* [Work instructions] Each line of the data holding "Vintage" should be found and copied.
Input: Begin
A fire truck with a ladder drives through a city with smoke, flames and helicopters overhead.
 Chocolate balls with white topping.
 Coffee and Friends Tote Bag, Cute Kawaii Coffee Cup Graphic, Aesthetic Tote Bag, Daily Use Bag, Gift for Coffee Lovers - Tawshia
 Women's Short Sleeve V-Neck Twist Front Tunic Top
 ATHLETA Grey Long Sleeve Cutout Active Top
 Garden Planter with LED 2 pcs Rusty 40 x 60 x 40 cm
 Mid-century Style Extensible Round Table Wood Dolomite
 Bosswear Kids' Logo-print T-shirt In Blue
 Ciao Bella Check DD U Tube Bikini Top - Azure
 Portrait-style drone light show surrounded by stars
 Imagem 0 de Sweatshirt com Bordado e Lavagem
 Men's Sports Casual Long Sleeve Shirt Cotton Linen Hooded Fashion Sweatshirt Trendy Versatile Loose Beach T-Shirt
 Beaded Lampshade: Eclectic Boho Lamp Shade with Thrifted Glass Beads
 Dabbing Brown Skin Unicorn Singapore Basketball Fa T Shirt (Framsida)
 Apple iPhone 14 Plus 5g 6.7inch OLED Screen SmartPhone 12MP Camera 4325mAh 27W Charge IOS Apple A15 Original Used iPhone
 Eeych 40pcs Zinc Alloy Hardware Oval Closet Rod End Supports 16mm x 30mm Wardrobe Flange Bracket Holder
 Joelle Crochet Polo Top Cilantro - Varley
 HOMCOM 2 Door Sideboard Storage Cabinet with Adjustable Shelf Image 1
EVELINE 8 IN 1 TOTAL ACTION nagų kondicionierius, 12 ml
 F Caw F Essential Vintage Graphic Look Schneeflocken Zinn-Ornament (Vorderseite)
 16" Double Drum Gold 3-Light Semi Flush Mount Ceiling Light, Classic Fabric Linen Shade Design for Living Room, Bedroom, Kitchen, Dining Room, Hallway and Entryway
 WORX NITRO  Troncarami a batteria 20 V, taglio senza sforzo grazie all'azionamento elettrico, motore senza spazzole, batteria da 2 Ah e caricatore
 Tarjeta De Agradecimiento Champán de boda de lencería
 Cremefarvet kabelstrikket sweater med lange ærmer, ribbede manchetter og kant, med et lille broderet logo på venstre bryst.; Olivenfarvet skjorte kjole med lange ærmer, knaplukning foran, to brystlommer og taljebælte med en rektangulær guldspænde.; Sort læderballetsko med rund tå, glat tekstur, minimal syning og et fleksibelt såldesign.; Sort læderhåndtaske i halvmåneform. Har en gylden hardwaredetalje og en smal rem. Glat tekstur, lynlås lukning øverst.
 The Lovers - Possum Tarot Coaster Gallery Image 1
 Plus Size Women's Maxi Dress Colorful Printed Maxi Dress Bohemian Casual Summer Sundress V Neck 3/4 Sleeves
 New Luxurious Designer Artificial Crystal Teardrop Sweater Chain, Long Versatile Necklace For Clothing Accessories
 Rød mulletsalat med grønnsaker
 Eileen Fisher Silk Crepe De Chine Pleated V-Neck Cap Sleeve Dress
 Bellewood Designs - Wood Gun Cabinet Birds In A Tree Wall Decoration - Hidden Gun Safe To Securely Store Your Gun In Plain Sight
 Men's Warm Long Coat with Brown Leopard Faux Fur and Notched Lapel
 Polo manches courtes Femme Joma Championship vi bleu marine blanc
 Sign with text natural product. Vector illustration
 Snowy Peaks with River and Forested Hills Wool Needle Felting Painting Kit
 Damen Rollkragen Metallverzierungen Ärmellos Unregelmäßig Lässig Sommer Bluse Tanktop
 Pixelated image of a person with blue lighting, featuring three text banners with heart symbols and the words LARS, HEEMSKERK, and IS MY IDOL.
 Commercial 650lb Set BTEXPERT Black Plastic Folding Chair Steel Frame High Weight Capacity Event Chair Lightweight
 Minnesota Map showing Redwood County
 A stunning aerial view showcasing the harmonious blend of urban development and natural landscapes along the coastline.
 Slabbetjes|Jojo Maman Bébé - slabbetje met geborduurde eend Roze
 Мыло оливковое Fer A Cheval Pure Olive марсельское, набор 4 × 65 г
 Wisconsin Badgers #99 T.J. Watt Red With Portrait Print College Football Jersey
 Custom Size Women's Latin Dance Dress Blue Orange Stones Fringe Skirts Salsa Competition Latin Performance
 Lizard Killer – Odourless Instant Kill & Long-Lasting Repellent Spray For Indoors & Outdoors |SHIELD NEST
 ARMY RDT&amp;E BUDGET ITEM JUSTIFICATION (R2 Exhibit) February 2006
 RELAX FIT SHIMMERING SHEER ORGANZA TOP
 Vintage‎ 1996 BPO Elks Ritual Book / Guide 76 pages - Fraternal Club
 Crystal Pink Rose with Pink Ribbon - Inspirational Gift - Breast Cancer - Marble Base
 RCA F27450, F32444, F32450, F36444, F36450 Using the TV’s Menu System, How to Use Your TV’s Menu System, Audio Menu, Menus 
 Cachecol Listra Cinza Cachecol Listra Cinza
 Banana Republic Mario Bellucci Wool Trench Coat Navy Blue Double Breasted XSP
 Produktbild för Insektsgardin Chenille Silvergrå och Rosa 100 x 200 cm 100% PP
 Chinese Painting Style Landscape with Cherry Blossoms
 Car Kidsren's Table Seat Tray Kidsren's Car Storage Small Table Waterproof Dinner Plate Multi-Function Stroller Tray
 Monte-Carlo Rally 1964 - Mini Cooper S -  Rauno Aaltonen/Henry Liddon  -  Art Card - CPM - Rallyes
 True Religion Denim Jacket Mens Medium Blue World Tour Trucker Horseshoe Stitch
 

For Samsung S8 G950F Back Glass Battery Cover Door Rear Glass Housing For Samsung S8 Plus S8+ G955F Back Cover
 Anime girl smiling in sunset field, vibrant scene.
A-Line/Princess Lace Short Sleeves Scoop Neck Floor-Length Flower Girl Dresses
Input: End
* [Finished task]
 F Caw F Essential Vintage Graphic Look Schneeflocken Zinn-Ornament (Vorderseite)
 Vintage‎ 1996 BPO Elks Ritual Book / Guide 76 pages - Fraternal Club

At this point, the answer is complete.